Smita, numpang tanya dong, Sabia ngulangnya jadi 2x mengalami TK B atau 2x di TK A? Kebetulan anak gw juga sama nih kasusnya kayak Sabia, and yess gw setuju banget sih lebih baik mengulang di TK – walaupun masih bimbang tak berkesudahan kayak dirimu- & kadang yg bikin gw ragu itu sbenernya bukan dari diri gw sendiri sebagai emak dari si anak (karena deep down inside hopefully gw tau apa yang terbaik buat anak gw), tapi justru tekanan lingkungan (baca: extended family).
Halo, Adis.
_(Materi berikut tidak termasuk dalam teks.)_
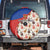 Russian Doll Spare Tire Cover Flag Color Style No1 - Wonder Print Shop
Sabia tadinya pas usia 3 tahun 10 bulan kita sempet plot ke TK A, ternyata hanya boleh masuk ke KB. Jadi sekarang dia nggak ngulang apa2 sih, hanya masih TK A. I feel you soal tekanan lingkungan. Makanya aku seneng berbagi gini jadi kerasa kita ngga sendirian. Keep sharing yaaah!
Hai mbak, biasanya aku silent reader tp pengen sharing deh soal ini hehe.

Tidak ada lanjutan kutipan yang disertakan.